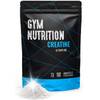 Creatine (Kreatin) Ultrapure von Gym Nutrition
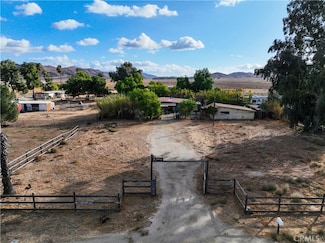 33445 Simpson Rd, Winchester, CA 92596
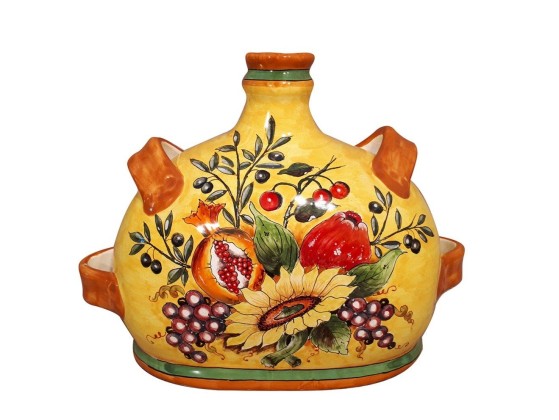 Ваза Tiferno Mobili MEDITERRANEO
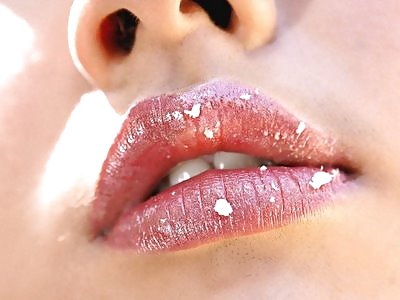 Labios
 #2310082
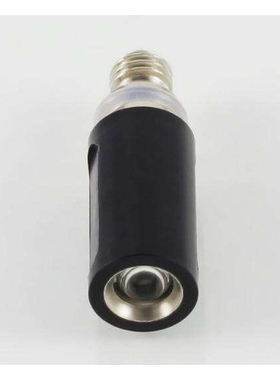 伟伦08800 08800-U 4.6V3.9W  77810, 78800, 78810, 检查镜灯泡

::::::::

**What this task involves:**
Quote verbatim every line starting at the line that contains "33445 Simpson Rd, Winchester, CA 92596" and ending with the last line of the records; omit all pictures.

**Response box:**
 33445 Simpson Rd, Winchester, CA 92596
 Ваза Tiferno Mobili MEDITERRANEO
 Labios
 #2310082
 伟伦08800 08800-U 4.6V3.9W  77810, 78800, 78810, 检查镜灯泡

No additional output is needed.